Click on the three vertical dots icon in the uper right of the screen, then click on `Insert project token`

**Once inserted, execute the cell**.

A project token is only available if you followed the prerequesite instructions to create on in your project.

In [None]:
import warnings
import pandas as pd
import numpy as np
import math
import time
import os
from ibm_watson_studio_lib import access_project_or_space

import matplotlib.pyplot as plt
# matplotlib.patches lets us create colored patches, which we can use for legends in plots
import matplotlib.patches as mpatches
%matplotlib inline

# Get access to the prohject API for CPD on-premises
if "USER_ID" in os.environ :
    wslib = access_project_or_space()

## Get the Chicago data 
If you already got the dataset in a previous notebook execution, you can get the final dataset from the project in a later cell.

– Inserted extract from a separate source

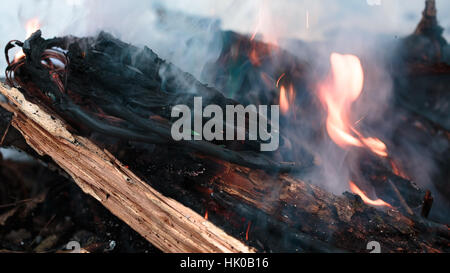 Draht im Feuer brennen Stockfoto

For more information on finding and accessing open datasets, see:
- Youtube Byte-Size Data Science: 
  - <a href="https://youtu.be/D46A9r3bfjM" target="_blank">019-Finding Data: Socrata Catalog (youtube video)</a>
  - <a href="https://youtu.be/4C9ShcU--ek" target="_blank">020-Socrata Datasets (youtube video)</a>
- Companion notebooks: 
  - <a href="https://github.com/jacquesroy/byte-size-data-science/blob/master/Notebooks/019-SocrataDataCatalog.ipynb" target="_blank">019-SocrataDataCatalog.ipynb</a>
  - <a href="https://github.com/jacquesroy/byte-size-data-science/blob/master/Notebooks/020-SocrataDataAccess-Spark.ipynb" target="_blank">020-SocrataDataAccess-Spark.ipynb</a>
  
You can also find information on the dataset used in this notebook at:
<a href="https://data.cityofchicago.org/Transportation/Traffic-Crashes-Crashes/85ca-t3if" target="_blank">Chicago Traffic Crashes - Crashes</a>

In [None]:
# Library used to read datasets
# https://github.com/xmunoz/sodapy
!pip install sodapy 2>&1 >pipsodapy.txt

from sodapy import Socrata

### Get a connection to the city of Chicago public data
See: 
- https://pypi.org/project/sodapy/
- https://dev.socrata.com/

The Socrata Open Data API allows you to programmatically access a wealth of open data resources from governments, non-profits, and NGOs around the world.

In [None]:
# Unauthenticated client only works with public data sets. Note 'None'
# in place of application token, and no username or password:
client = Socrata("data.cityofchicago.org", None)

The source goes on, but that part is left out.